The code behaves as if it's running inside an infinite loop(without doing anything useful). Tried Googling it, but did not find anything useful there. Could not get any help through Spark mailing list either. The same code is running perfectly fine if I run it against a file stored locally. I am not sure if I am missing something as this is how the API tells me to go. Could anyone of you point me towards the right direction?

Would really appreciate some help. Thank you so much for your precious time.


Solution

  • Apparently s3a doesn't work with this.
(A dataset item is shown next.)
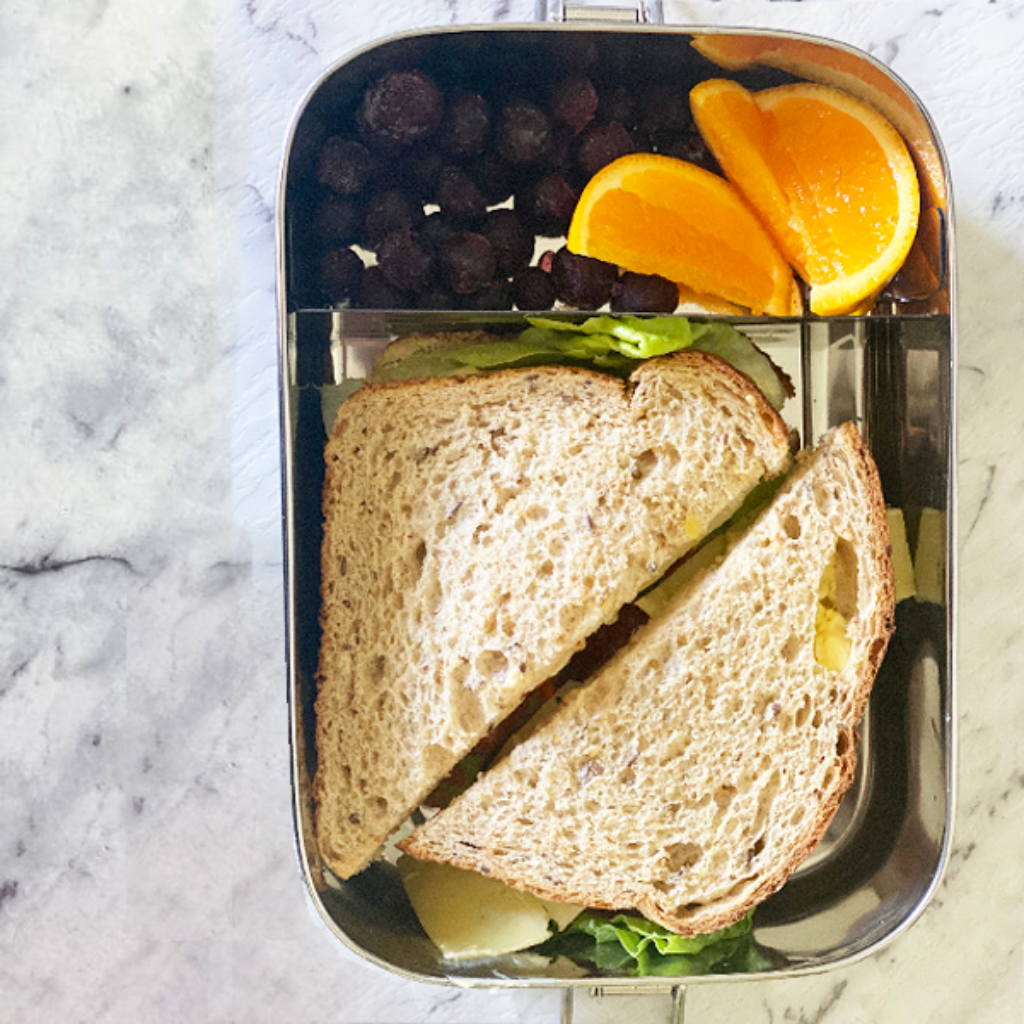 Green Essentials Leak Proof Rectangular Lunchbox with Removable Divider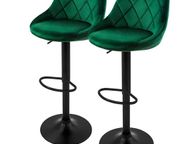 main image for ad Set of 2 Adjustable Velvet Bar Stools Green with Backrest and Footrest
This is what I had to do to make it work :

            SparkConf conf = new SparkConf().setAppName("S3DataFrame").setMaster(
                    "local");
            JavaSparkContext sc = new JavaSparkContext(conf);
            Configuration config = sc.hadoopConfiguration();
    
            config.set("fs.s3n.impl",
                    "org.apache.hadoop.fs.s3native.NativeS3FileSystem");
            config.set("fs.s3n.awsAccessKeyId", "************");
            config.set("fs.s3n.awsSecretAccessKey",
                    "*************");
            SQLContext sqlContext = new SQLContext(sc);
            DataFrame df = sqlContext
                    .load("s3n://input/avro_data/part-00000.avro",
                            "com.databricks.spark.avro");